Task goal.
From the first line of the data through the line containing "quartz doublet and", transcribe each line exactly. Pictures do not belong in the copy.

Supplied material.
^^^^^^^^^^^^^^^^

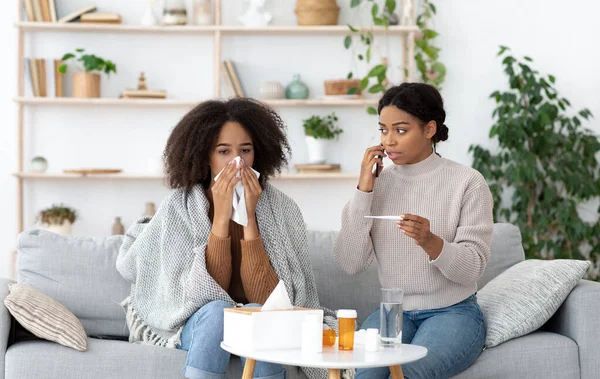 Worry, care and treatment of disease. Weak millennial african american female wipes nose — Stock Photo, Image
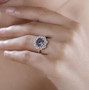quartz doublet and moissanite halo ring in rhodium over sterling silver worn on a hand
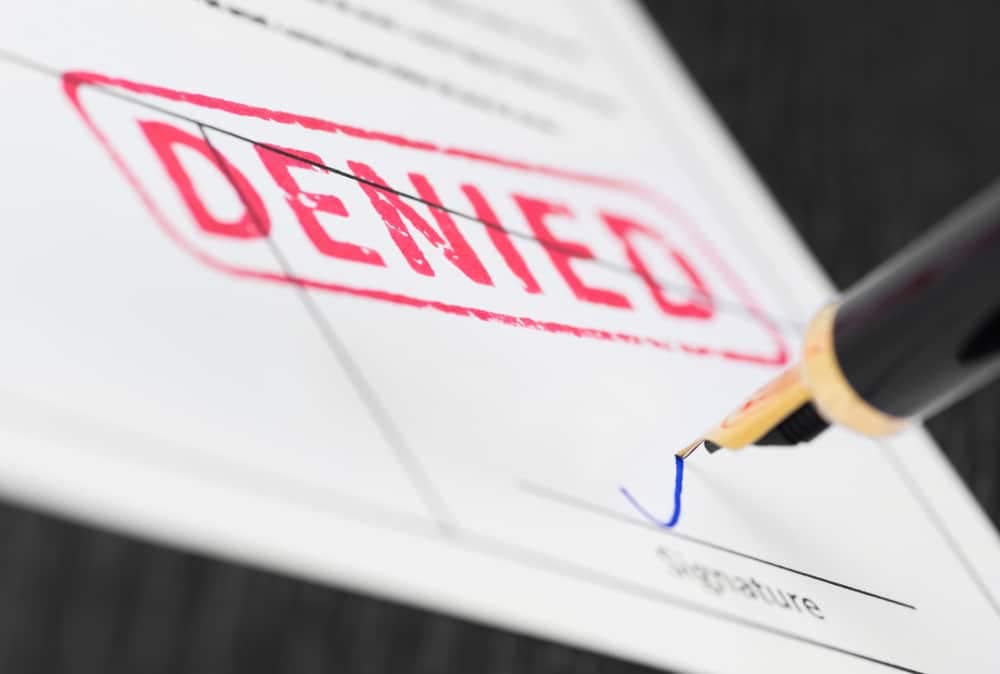 A pen is being used to write the word rejected on a document regarding illegally demolished Punch Bowl Inn's land at Caravan Park.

^^^^^^^^^^^^^^^^

Your response.
 Worry, care and treatment of disease. Weak millennial african american female wipes nose — Stock Photo, Image
quartz doublet and moissanite halo ring in rhodium over sterling silver worn on a hand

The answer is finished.